- _MATERIAL FOR THIS EXERCISE_
====

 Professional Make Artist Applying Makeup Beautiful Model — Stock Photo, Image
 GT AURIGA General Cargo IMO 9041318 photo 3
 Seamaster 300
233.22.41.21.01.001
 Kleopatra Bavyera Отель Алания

====

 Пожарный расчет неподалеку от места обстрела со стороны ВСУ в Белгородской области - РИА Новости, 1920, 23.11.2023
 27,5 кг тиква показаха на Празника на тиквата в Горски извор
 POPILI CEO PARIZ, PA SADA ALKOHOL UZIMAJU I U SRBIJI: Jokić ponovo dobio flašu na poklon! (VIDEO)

====

Set down, exactly as they stand above, the lines starting with the line with "Professional Make Artist" and going on through the line with "Kleopatra Bavyera Отель Алания", and no others.

 Professional Make Artist Applying Makeup Beautiful Model — Stock Photo, Image
 GT AURIGA General Cargo IMO 9041318 photo 3
 Seamaster 300
233.22.41.21.01.001
 Kleopatra Bavyera Отель Алания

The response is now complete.